▶ [Exercise instructions]:
Will you write out, word for word, every line from the one with "6' Inflatable LED" to the final line of the data below, with the pictures left out?

[Data extracted from a collection]

☆ ☆ ☆ ☆

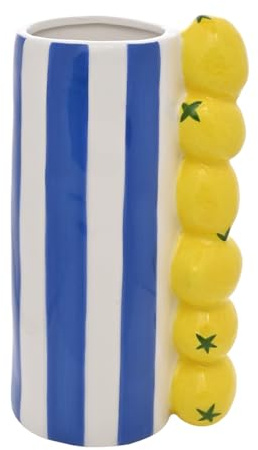 Hestia Vase Citron avec Rayures Bleues - Vase en Céramique de Style Méditerranéen pour Fleurs Fraîches ou Faux Fleurs Décor de Citron Fantaisie - H 21 cm x l 11 cm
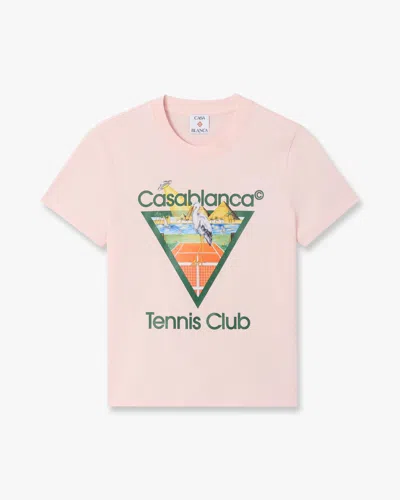 Casablanca Paris Pink Tennis Club Icon Pyramid Abduction Fitted Short Sleeve T-shirt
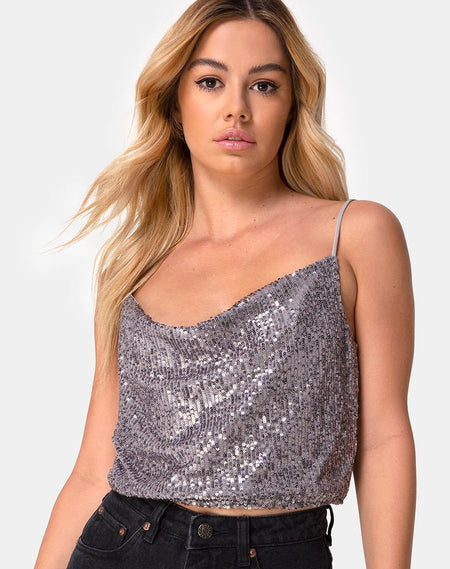 Carina Top in Drape Knit Silver Metallic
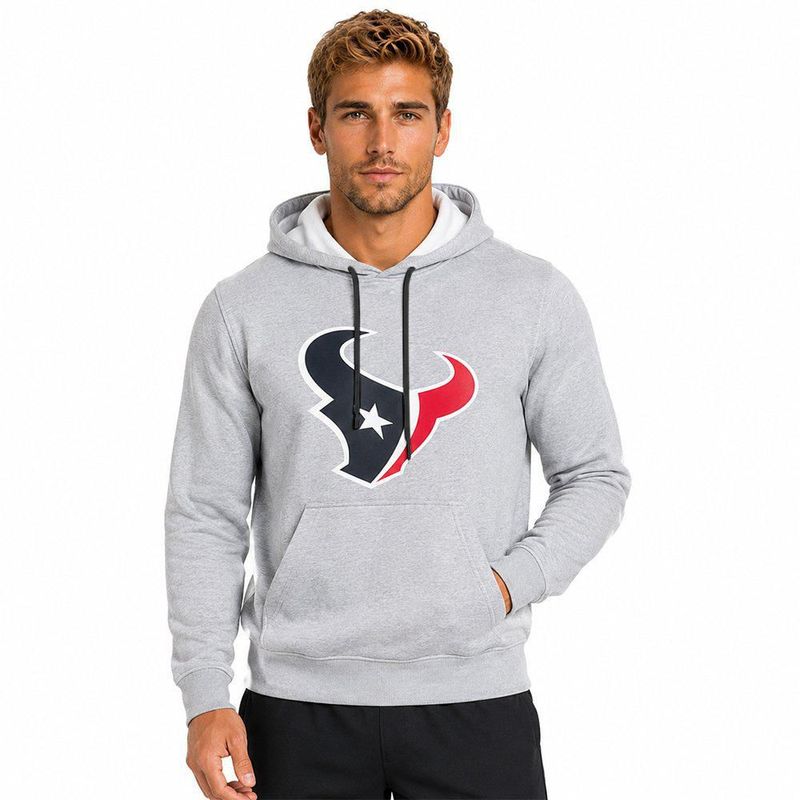 Sudadera Hoodie NFL Houston Texans Manga Larga Gris Hombre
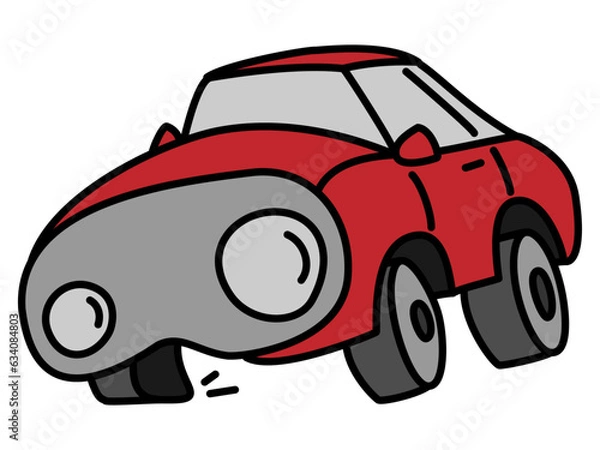 Obraz タイヤが変形するほど急旋回する赤い自動車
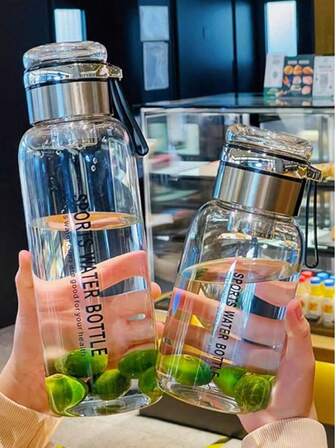 700/1000ml con coperchio e filtro, tazza d'acqua in vetro resistente al calore, alta capacità, portatile, con coperchio, separazione di tè e acqua, tazza per preparare il tè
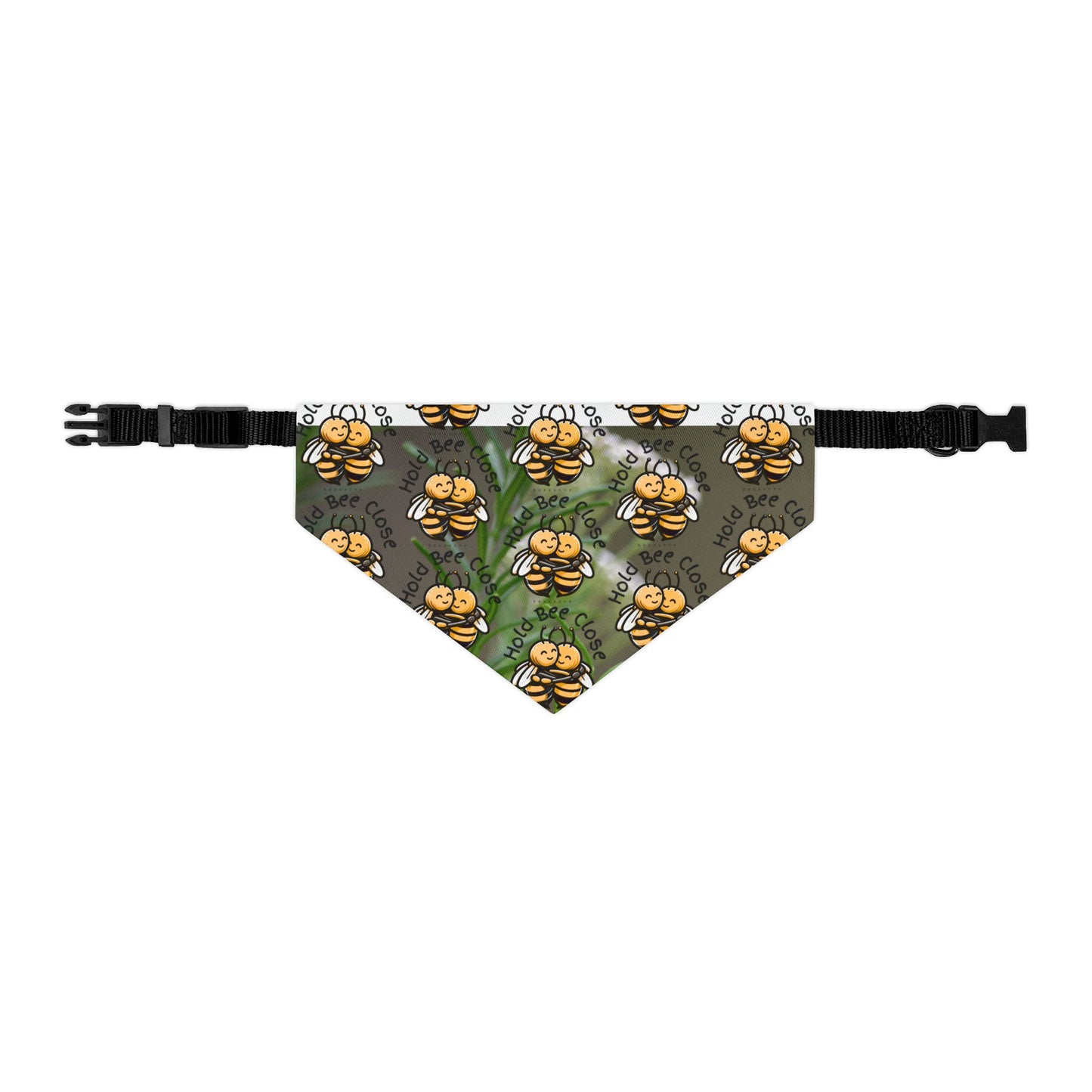 Hold bee tight special couple's bandana for their fluffy bundle of joy (Includes adjustable buckle up black collar)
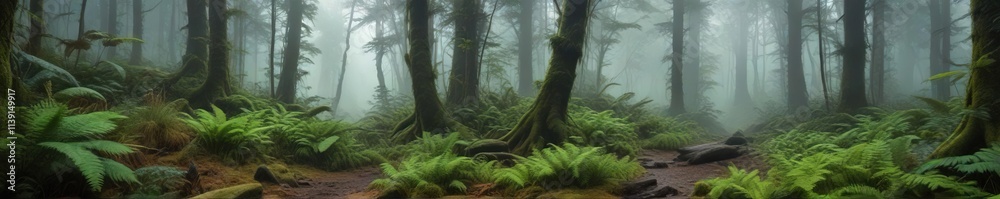 Obraz premium Misty, emerald forest floor covered in ferns and moss, vegetation, lush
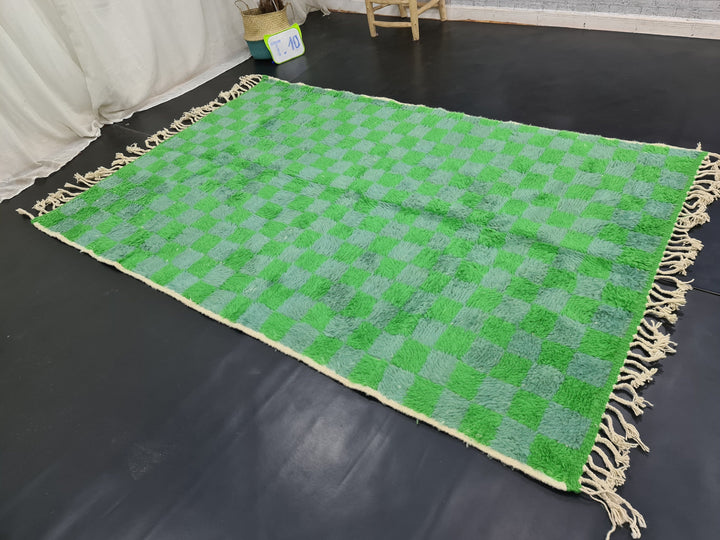 Checkered Moroccan Carpet, Green Rug, Beni Ouarain Rug, Authentic Wool, Berber Rug, Deco Art carpet, Handmade Moroccan Rug, Teppish Marokko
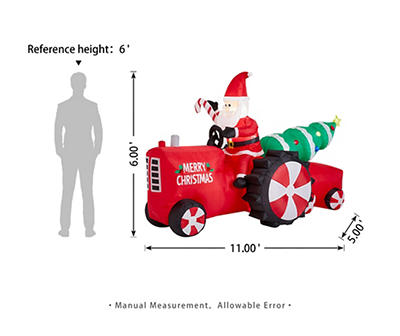 6' Inflatable LED Santa On "Merry Christmas" Tractor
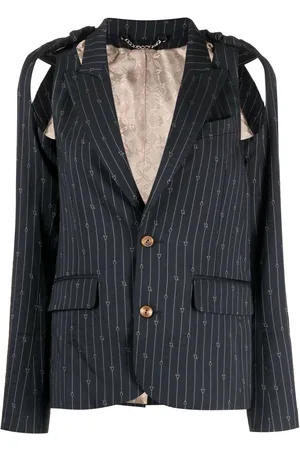 Charles Jeffrey Loverboy Pinstripe cut-out blazer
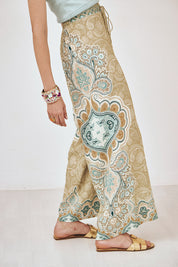 PANTALÓN ESTAMPADO MANDALAS - CAQUI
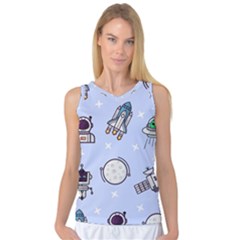 Seamless Pattern With Space Theme Women s Basketball Tank Top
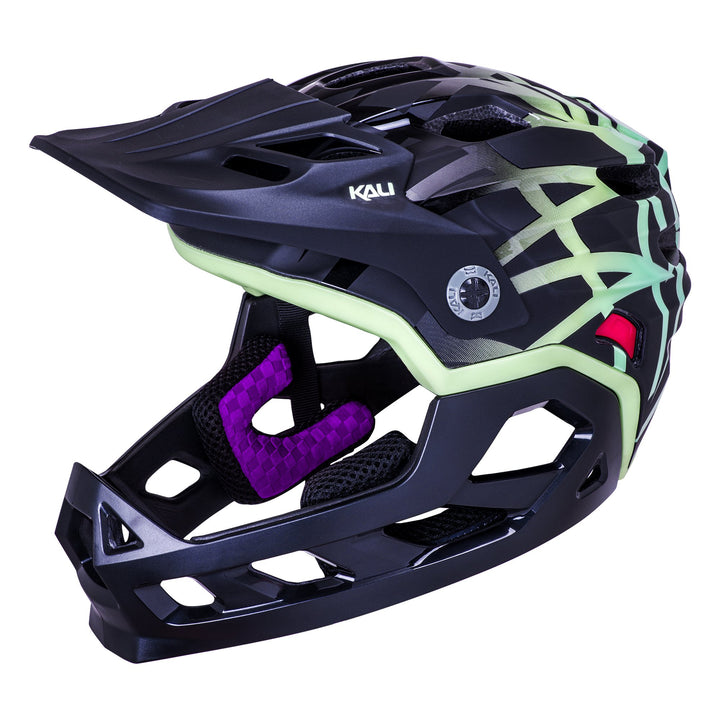 Kali Maya Child FF LTD Electrify Mat Black/Lime Detachable Kids Helmet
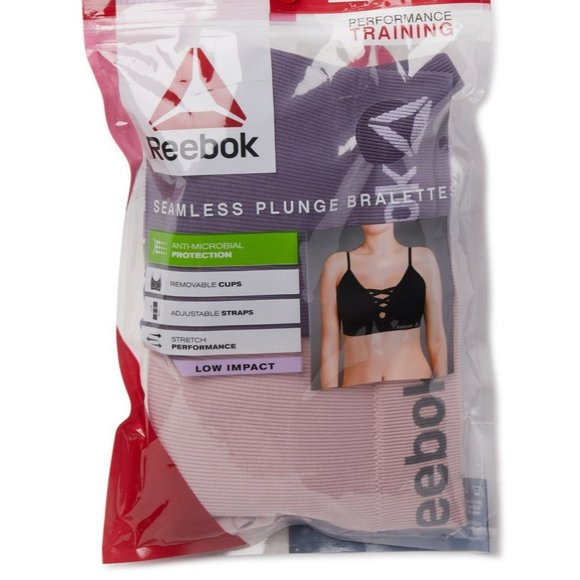 Reebok Women's Plunge Bralette, 2-Pack Super Stretchy Workout Lounge Size Large - Picture 1 of 3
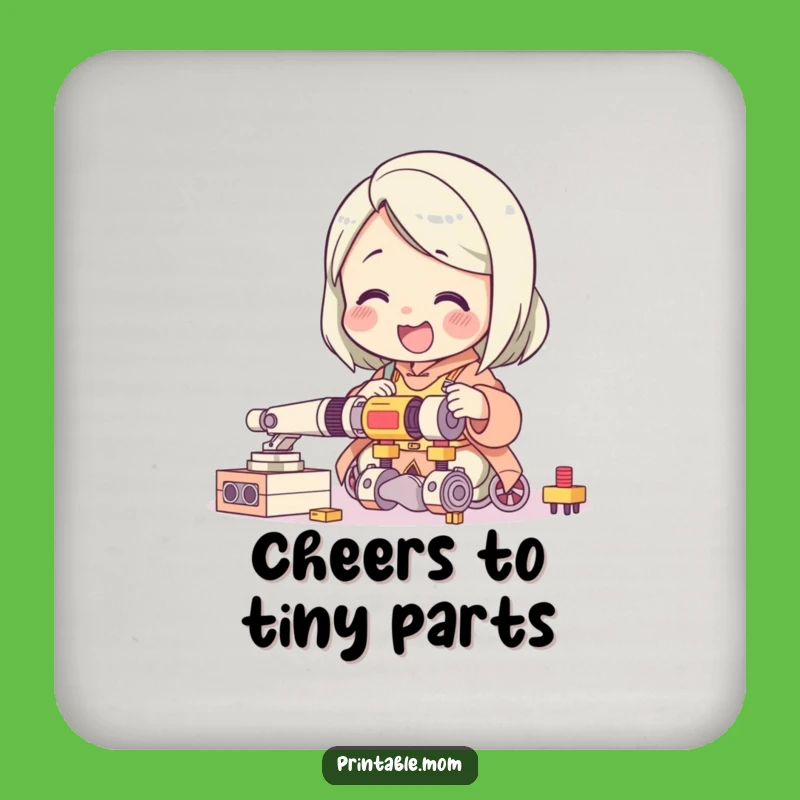 Funny Mom Toy Assembly Character Coaster: Protect Surfaces with Parent Humor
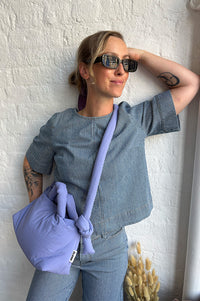 Numph Erina Blue Denim Stripe Top - The Mercantile London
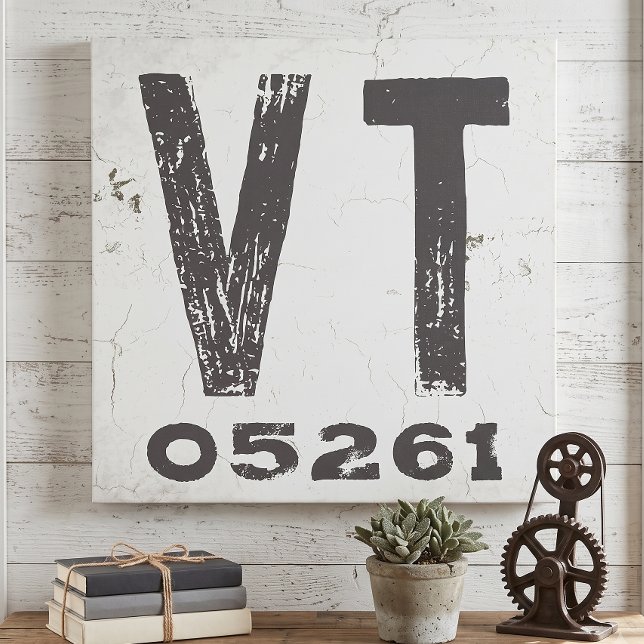 Farmhouse Rustic State Zip Code Vermont Canvas Print (Creator Uploaded)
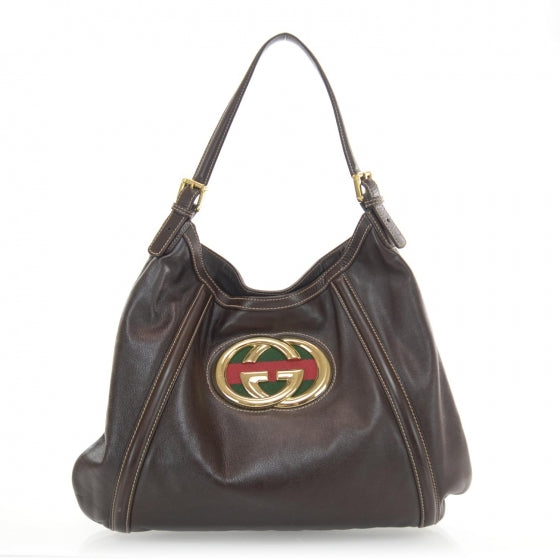 Gucci Leather Britt Tote Dark Brown 1 of 7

☆ ☆ ☆ ☆

▶ [Solution]:
 6' Inflatable LED Santa On "Merry Christmas" Tractor
 Charles Jeffrey Loverboy Pinstripe cut-out blazer
 PANTALÓN ESTAMPADO MANDALAS - CAQUI
 Seamless Pattern With Space Theme Women s Basketball Tank Top
 Kali Maya Child FF LTD Electrify Mat Black/Lime Detachable Kids Helmet
 Reebok Women's Plunge Bralette, 2-Pack Super Stretchy Workout Lounge Size Large - Picture 1 of 3
 Funny Mom Toy Assembly Character Coaster: Protect Surfaces with Parent Humor
 Numph Erina Blue Denim Stripe Top - The Mercantile London
 Farmhouse Rustic State Zip Code Vermont Canvas Print (Creator Uploaded)
 Gucci Leather Britt Tote Dark Brown 1 of 7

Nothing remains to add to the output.